Bau tak sedap juga disebabkan oleh sampah yang biasanya dibungkus plastik, yang oleh orang tak bertanggung jawab dibuang semaunya di pinggir jalan. Umumnya lokasinya (agak) jauh dari perkampungan.
Kenyataan ini juga sering merusak pemandangan. Apalagi jika plastik pembungkus sampah termaksud sobek, berserakanlah sampah di dalamnya. Semakin hari terlihat semakin banyak, kumuh, dan lalat selalu setia berada di lokasi ini.
Dulu, saat saya pergi-pulang mengajar dengan menaiki pit dapat menghirup udara segar dan melihat pemandangan yang asri sepanjang jalan. Kini, semua itu sudah tak dapat ditemukan lagi.
Yakin tersebab ini, beberapa tahun terakhir ini mulai bermunculan gerakan peduli sampah. Di beberapa desa ada pengelolaan sampah yang mulai tertata baik.
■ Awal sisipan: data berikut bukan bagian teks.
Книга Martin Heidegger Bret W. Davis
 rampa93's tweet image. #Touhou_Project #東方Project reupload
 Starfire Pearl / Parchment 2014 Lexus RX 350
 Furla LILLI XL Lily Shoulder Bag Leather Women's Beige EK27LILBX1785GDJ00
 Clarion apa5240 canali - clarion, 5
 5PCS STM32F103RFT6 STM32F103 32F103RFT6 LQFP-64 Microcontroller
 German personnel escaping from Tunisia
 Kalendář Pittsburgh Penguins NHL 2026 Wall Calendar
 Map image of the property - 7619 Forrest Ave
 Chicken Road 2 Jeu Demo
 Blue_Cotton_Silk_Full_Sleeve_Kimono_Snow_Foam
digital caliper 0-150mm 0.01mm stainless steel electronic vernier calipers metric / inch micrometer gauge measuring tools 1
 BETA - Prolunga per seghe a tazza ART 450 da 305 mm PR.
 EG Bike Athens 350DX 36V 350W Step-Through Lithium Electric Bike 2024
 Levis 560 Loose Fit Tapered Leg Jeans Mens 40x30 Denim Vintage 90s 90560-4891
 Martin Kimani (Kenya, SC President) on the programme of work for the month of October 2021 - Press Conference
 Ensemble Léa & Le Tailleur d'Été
Melibatkan warga setempat. Sampah rumah tangga dikelola dalam keluarga. Lalu, dilanjutkan ke bank sampah tingkat desa.
Bahkan, beberapa desa, termasuk desa tempat saya dan keluarga berdomisili, menyediakan tong sampah organik dan nonorganik bagi warganya. Rumah tangga diarahkan untuk memilah sampah, yaitu sampah organik dan nonorganik.
Karenanya, melibatkan anak dalam pengelolaan sampah di dalam keluarga merupakan langkah yang sangat positif. Anak mulai diajak mengenal jenis sampah. Memilahnya dengan benar sesuai klasifikasinya. Atau, sesuai dengan permintaan pengelola sampah di desa (saja) sudah tergolong baik.
Karena hampir dapat dipastikan setiap hari ada sampah yang dihasilkan dalam rumah tangga sekalipun (mungkin) tak banyak. Pengelolaannya dapat secara rutin melibatkan anak.
Kebiasaan ini akan membentuk karakter anak peduli terhadap sampah. Efek pengelolaan yang benar terhadap lingkungan yang baik pun akan dapat dirasakan.